» INFORMATION GIVEN:
☆ ☆ ☆ ☆ ☆

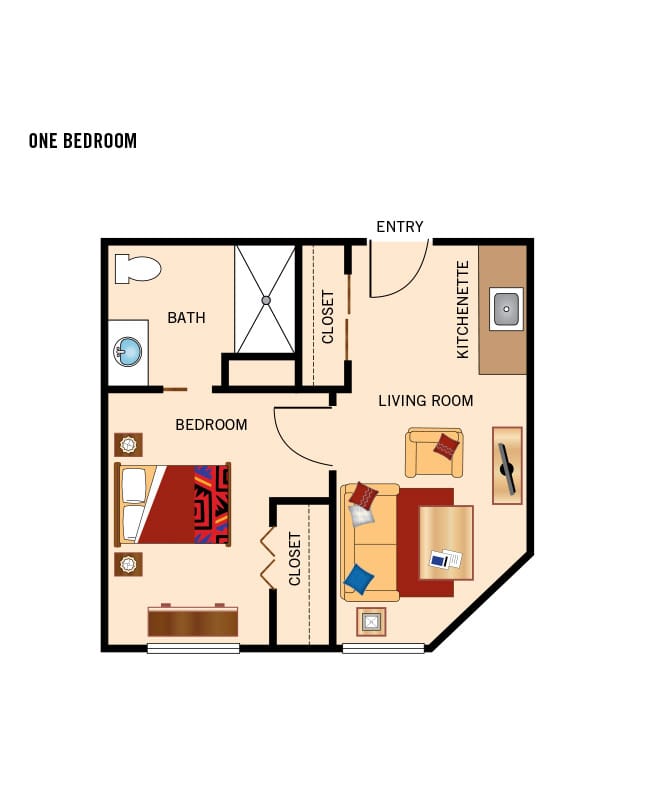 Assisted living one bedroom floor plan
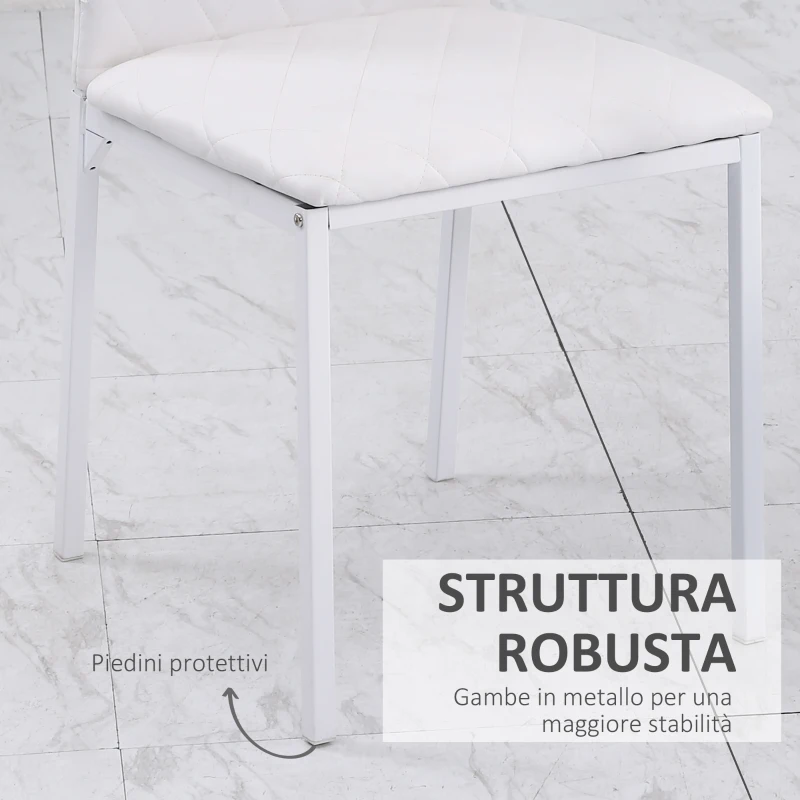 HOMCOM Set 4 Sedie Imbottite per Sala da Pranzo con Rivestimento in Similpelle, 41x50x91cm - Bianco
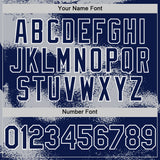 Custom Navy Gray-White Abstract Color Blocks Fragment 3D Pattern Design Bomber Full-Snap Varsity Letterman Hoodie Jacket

☆ ☆ ☆ ☆ ☆

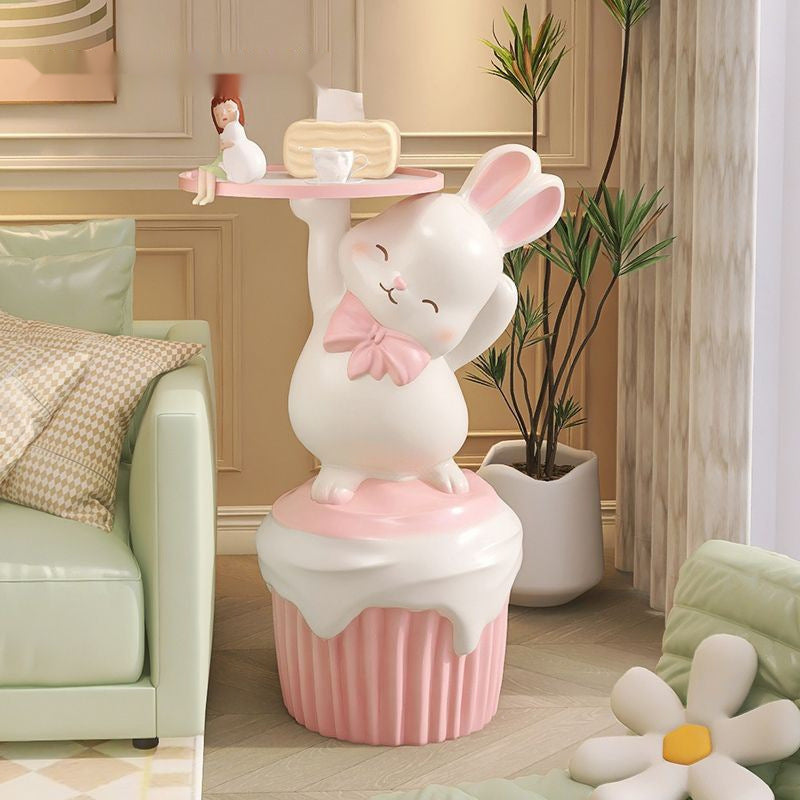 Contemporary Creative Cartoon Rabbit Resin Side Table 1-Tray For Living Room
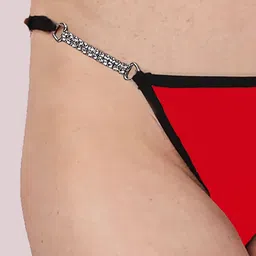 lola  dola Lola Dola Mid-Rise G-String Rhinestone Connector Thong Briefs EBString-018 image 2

☆ ☆ ☆ ☆ ☆

» WHAT YOU HAVE TO DO: Using the entries above, repeat exactly the lines from the one with "Assisted living one bedroom floor plan" to the one with "Custom Navy Gray-White", both included, and leave the pictures behind.

» RESPONSE TO THE EXERCISE:
 Assisted living one bedroom floor plan
 HOMCOM Set 4 Sedie Imbottite per Sala da Pranzo con Rivestimento in Similpelle, 41x50x91cm - Bianco
 Custom Navy Gray-White Abstract Color Blocks Fragment 3D Pattern Design Bomber Full-Snap Varsity Letterman Hoodie Jacket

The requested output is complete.